In 1950 behaviourism could justly claim to have achieved paradigm status, and at that moment, B.F. Skinner became its new champion. Skinner’s contribution to behaviourism was to challenge the stimulus-response idea at the heart of Watson’s work and replace it by a type of psychological conditioning known as reinforcement (see Skinner, 1957, and Toates and Slack, 1990). Important as this modification was, it is Skinner’s insistence on a strict empiricist epistemology, and his claim that language is learned in just the same way as any other complex skill is learned, by social interaction, that is important here.
The strictly empiricist epistemology of behaviourism outlaws any talk of mental structure or of internal mental states. While it’s perfectly OK to talk about these things in every day parlance, they have no place in scientific discourse. Strictly speaking – which is how scientists, including psychologists should speak – there is no such thing as the mind, and there is no sense (sic) in talking about feelings or any other stuff that can’t be observed by appeal to the senses. Behaviourism sees psychology as the science of behaviour, not the science of mind. Behaviour can be described and explained without any ultimate reference to mental events or to any internal psychological processes. The sources of behaviour are external (in the environment), not internal (in the mind).
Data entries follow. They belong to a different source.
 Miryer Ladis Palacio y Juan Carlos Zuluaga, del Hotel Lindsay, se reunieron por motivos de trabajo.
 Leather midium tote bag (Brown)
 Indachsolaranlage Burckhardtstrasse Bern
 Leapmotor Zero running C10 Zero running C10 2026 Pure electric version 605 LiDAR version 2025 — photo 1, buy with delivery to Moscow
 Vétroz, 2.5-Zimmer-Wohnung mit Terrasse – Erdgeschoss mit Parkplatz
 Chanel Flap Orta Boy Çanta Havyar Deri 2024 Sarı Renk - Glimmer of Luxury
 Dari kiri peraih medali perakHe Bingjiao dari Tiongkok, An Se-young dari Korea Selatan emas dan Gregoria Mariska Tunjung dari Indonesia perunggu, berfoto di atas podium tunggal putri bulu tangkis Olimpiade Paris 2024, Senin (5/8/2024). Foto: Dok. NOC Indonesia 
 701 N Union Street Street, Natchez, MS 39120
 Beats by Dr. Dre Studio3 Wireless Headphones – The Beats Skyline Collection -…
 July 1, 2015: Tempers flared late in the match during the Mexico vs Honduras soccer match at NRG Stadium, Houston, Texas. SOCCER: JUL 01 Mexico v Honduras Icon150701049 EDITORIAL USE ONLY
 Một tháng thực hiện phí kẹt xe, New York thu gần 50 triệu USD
If mental terms or concepts are used to describe behaviour, then they must be replaced by behavioural terms or paraphrased into behavioural concepts.
Behaviour is all there is: humans and animals are organisms that can be observed doing things, and the things they do are explained in terms of responses to their environment, which also explains all types of learning. Learning a language is like learning anything else – it’s the result of repeated responses to stimuli. There are no innate rules by which organisms learn, which is to say that organisms learn without being innately or pre-experientially provided with explicit procedures by which to learn. Before organisms interact with the environment they know nothing – by definition. Learning doesn’t consist of rule-governed behaviour; learning is what organisms do in response to stimuli. An organism learns from what it does, from its successes and mistakes, as it were.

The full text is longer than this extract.